1. The problem statement, all variables and given/known data

Golf ball struck with a velocity of 66 ft/s.
Part a): determine the speed at which the ball hits point B.
Part b): determine the time of flight from A to B.

2. Relevant equations
For Part b):
(Vo)x = Vcos(θ)
(Vo)y = Vsin(θ)
D = Do + (Vo)x * t
Y = Yo + (Vo)y * t - (1/2) * g * t^2
For Part a):
Vy^2 = (Vo)y^2 - 2 * g * (Y-Yo)
Vx^2 = (Vo)x^2 - 2 * g * (Y - Yo)
V^2 = [(V)x^2 + (V)y^2]
V = [(Vo)x + (Vo)y] / 2

3. The attempt at a solution
If there are more effective and less complicated ways of solving the asked questions please let me know.
I solved for time first (part b).
-- given an initial velocity Vo in the problem statement of 66 ft/s
-- from diagram angle between horizontal and initial direction of the ball 10° + 45° = 55°
(Vo)x = Vcos(θ) -------> (Vo)x = 66cos(55) -----> (Vo)x = 37.89 ft/s
(Vo)y = Vsin(θ) -------> (Vo)y = 66sin(55) -----> (Vo)y = 54.06 ft/s
-- solving for distance d
S = So + (Vo)x * t -------> d * cos(10) = 0 + 37.89 * t ----> d = 38.44 * t

-- solving for final height of ball (at point B).
Y = Yo + (Vo)y * t - (1/2) * g * t^2 -----> d * sin(10) = 0 + 54.06 * t - 16.1 * t^2 -----> 6.68 * t = 54.06 * t - 16.1 * t^2
-- solving for time t
t = 2.94s This answer was taken as correct in online program.
-- Plugging in t value in d
d = 38.44 ft
-- Plugging in d value in Y = d * sin(10)
Y = 19.62
For my attempt at part a) final speed of the projectile at point B I tried two different formulas, but with no success.
Vy^2 = (Vo)y^2 - 2 * g * (Y-Yo) -----> Vy^2 = 54.06^2 - 2 * 32.2 * (19.62 - 0) -----> Vy = 40.73 ft/s

Vx^2 = (Vo)x^2 - 2 * g * (S-So) -----> Vx^2 = 37.86^2 - 0 -----> Vx = 37.86 ft/s

V^2 = [(V)x^2 + (V)y^2]

V = [(Vo)x + (Vo)y] / 2

The fourth equation doesn't make much sense to me, and with the correct values inserted answer resulted incorrect.

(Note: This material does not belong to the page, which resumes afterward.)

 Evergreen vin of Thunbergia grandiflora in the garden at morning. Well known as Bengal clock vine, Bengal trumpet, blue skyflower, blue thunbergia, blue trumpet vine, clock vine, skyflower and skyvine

The third gives me a really high number which also resulted incorrect.

2. Jan 29, 2016

### PeroK

For b). Think about the horizontal motion and remember Mr Pythagoras!

3. Jan 29, 2016

### cnh1995

You could write the equation for vertical displacement from the incline's frame of reference(i.e. angle of projection=θ=45°). For that, you'll need components of gravitational acceleration along and normal to the incline. Equation for vertical displacement will be a quadratic equation in t. From incline's frame of reference, vertical displacement will be 0 when the ball reaches point B. Just solve it to get the time of flight.